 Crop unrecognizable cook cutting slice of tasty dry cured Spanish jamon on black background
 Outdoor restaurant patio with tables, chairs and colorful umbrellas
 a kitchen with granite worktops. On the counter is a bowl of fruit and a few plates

* * *

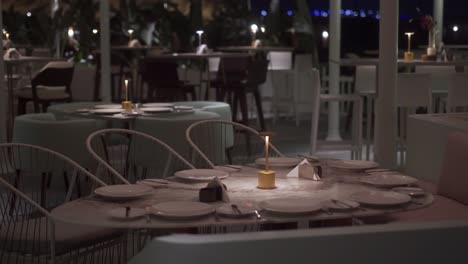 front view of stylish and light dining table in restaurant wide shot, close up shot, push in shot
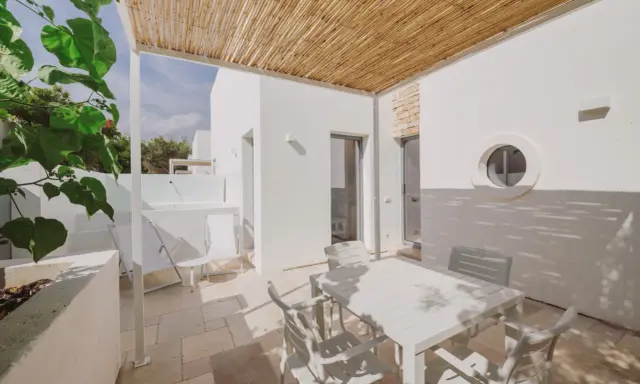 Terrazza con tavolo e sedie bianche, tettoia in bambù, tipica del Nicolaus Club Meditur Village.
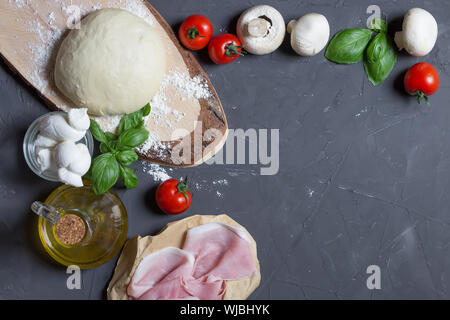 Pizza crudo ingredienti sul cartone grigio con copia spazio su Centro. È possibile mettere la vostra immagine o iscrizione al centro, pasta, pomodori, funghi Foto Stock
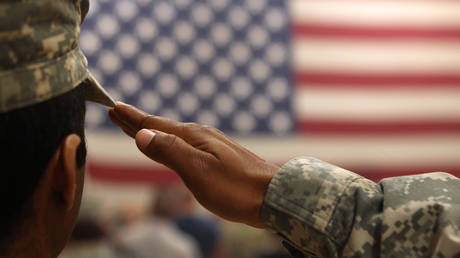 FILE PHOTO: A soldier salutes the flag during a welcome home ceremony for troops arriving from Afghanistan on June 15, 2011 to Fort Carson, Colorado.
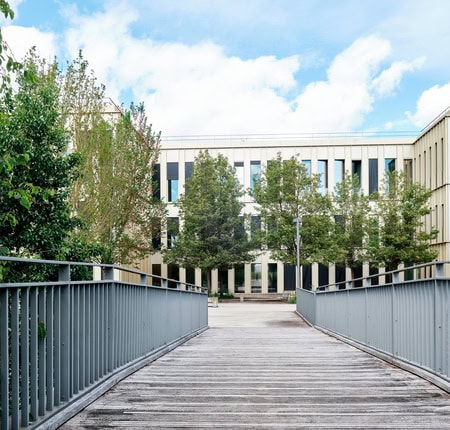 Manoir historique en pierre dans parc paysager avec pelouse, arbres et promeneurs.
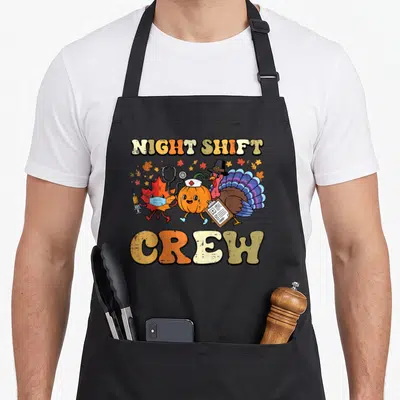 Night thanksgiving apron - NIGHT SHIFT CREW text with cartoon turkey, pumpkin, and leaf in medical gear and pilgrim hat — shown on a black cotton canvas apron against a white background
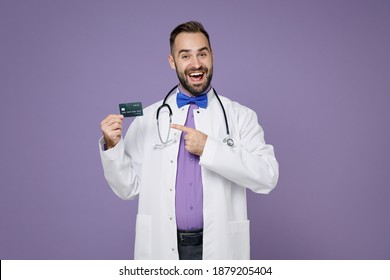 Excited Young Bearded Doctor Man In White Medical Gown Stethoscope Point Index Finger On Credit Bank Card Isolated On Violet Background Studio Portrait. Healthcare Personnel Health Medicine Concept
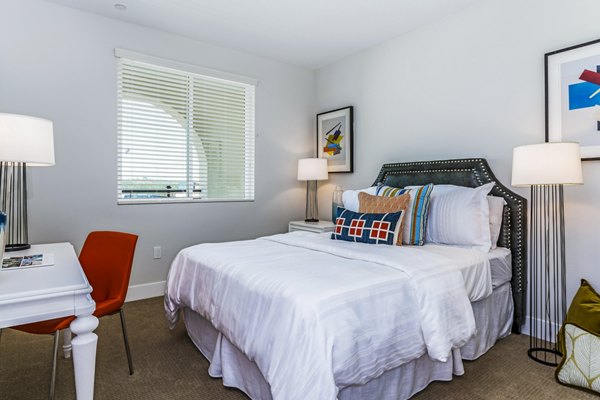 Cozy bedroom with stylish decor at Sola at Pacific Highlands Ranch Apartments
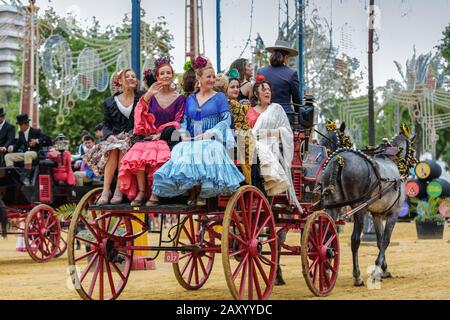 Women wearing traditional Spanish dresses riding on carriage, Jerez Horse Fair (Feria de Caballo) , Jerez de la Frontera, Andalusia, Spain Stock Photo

--

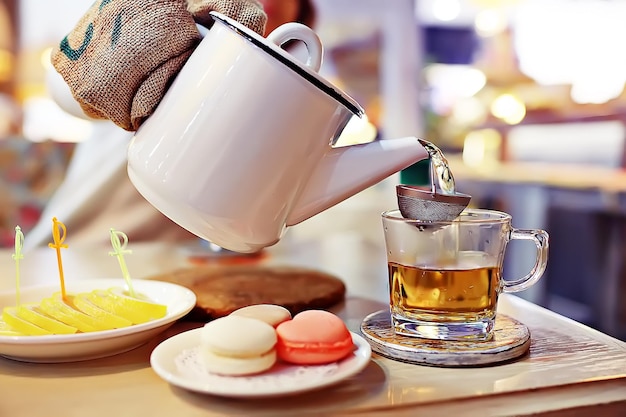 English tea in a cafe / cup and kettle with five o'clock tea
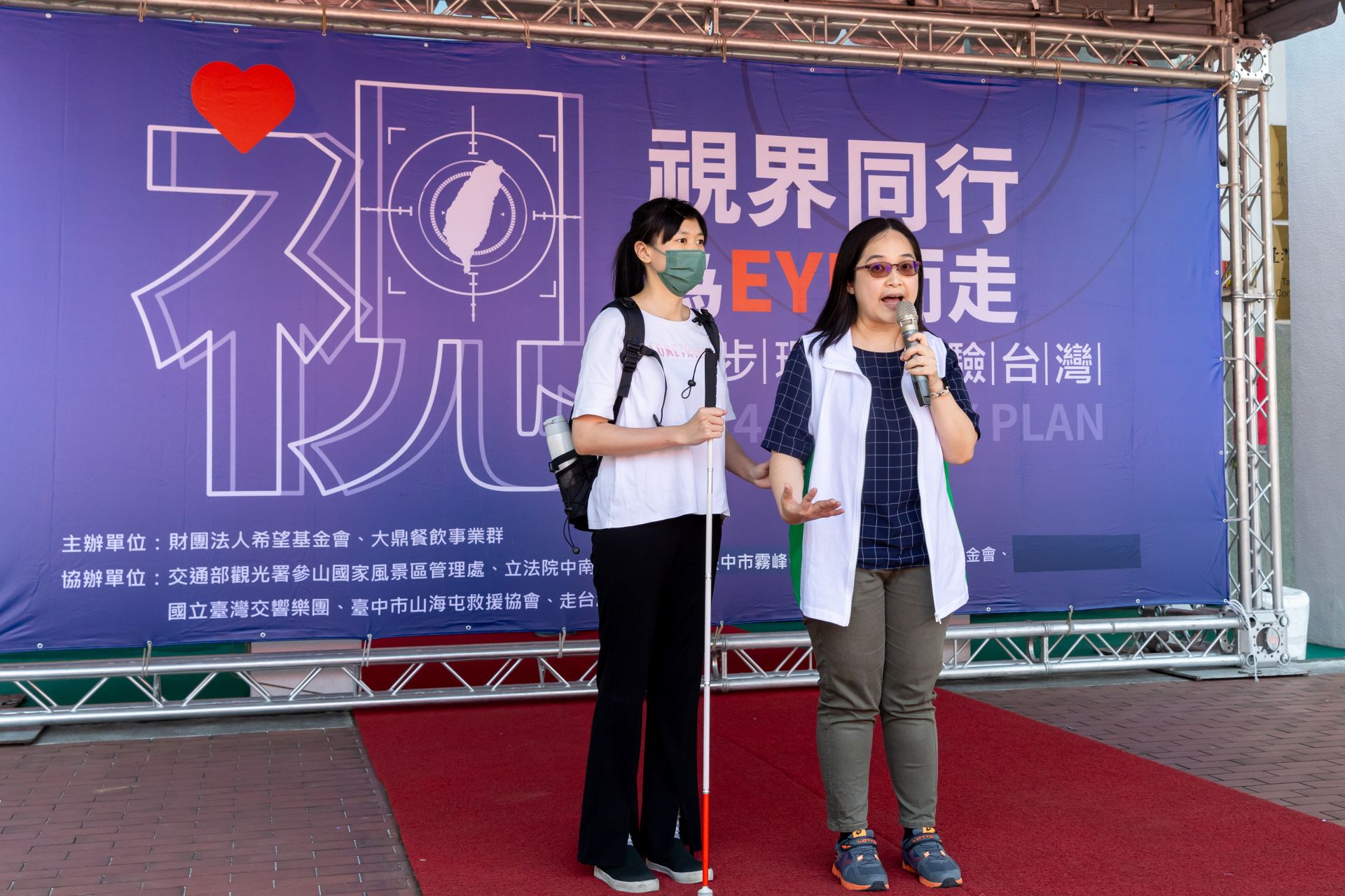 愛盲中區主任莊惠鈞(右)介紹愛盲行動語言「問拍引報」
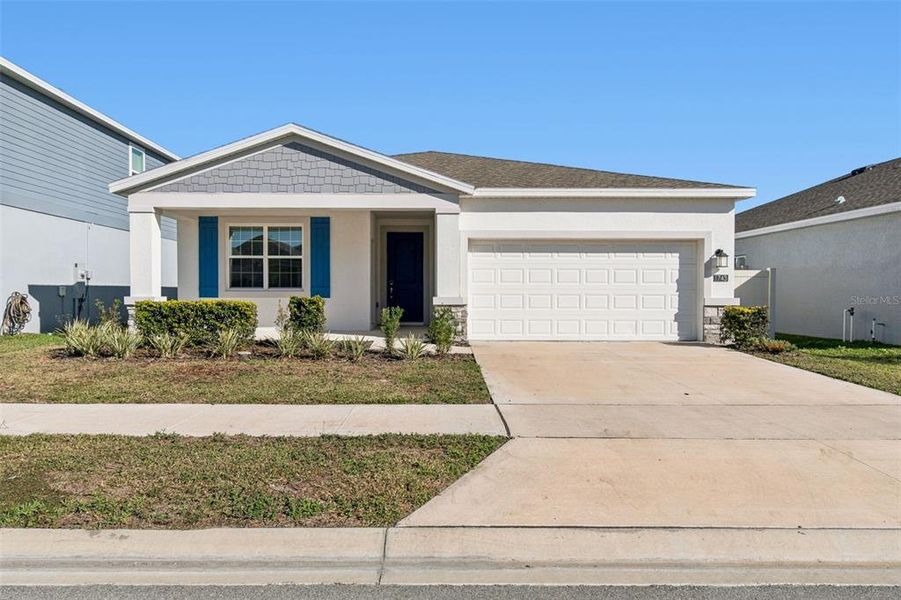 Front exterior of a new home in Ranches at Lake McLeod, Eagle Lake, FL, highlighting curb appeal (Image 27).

Problem description:
Would you print exactly, and only, the lines of the data above from the line with "Crop unrecognizable cook" through the line with "a kitchen with", inclusive?

Expected answer:
 Crop unrecognizable cook cutting slice of tasty dry cured Spanish jamon on black background
 Outdoor restaurant patio with tables, chairs and colorful umbrellas
 a kitchen with granite worktops. On the counter is a bowl of fruit and a few plates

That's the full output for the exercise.